Data:
****************************************
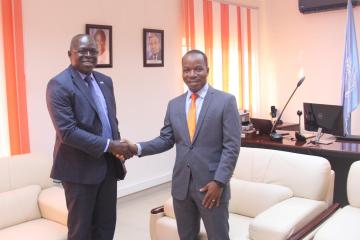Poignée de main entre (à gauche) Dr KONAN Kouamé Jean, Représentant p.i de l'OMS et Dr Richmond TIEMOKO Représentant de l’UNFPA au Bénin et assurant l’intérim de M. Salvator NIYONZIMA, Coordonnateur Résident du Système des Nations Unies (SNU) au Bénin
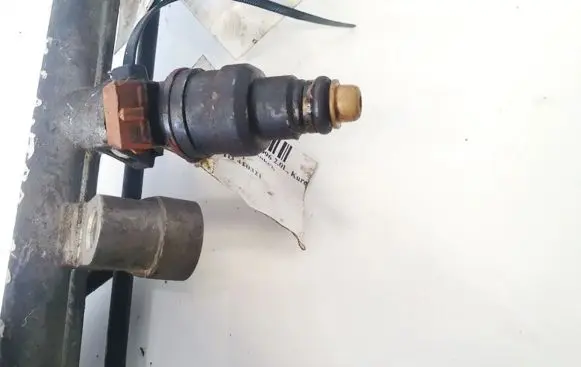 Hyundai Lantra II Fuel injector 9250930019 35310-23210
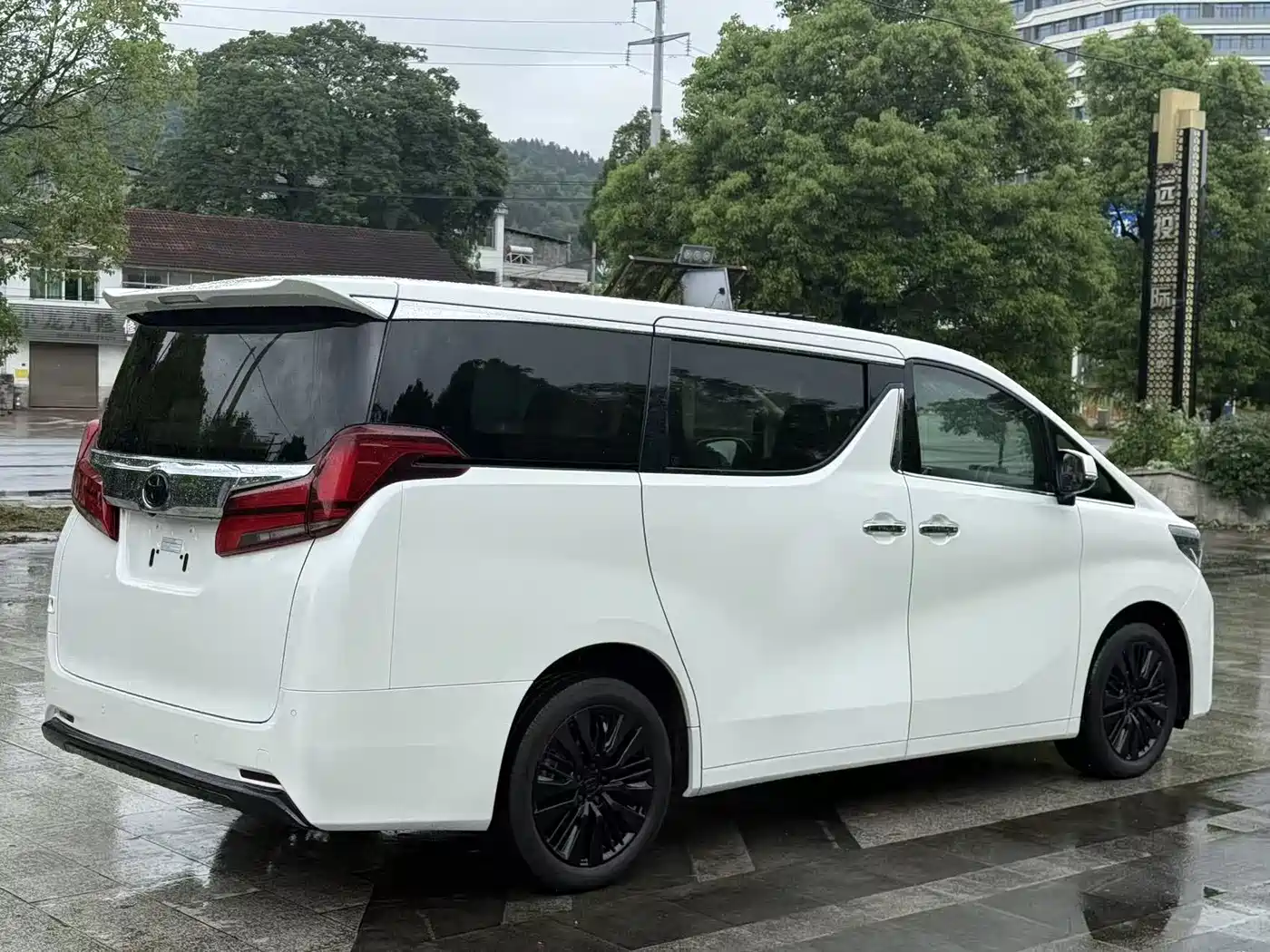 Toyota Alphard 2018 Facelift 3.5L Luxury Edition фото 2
****************************************
The problem: From the line that holds "Hyundai Lantra II" down to the last line of the material above, every line is to be copied exactly, both ends included; pictures are to be omitted.

Exercise response:
 Hyundai Lantra II Fuel injector 9250930019 35310-23210
 Toyota Alphard 2018 Facelift 3.5L Luxury Edition фото 2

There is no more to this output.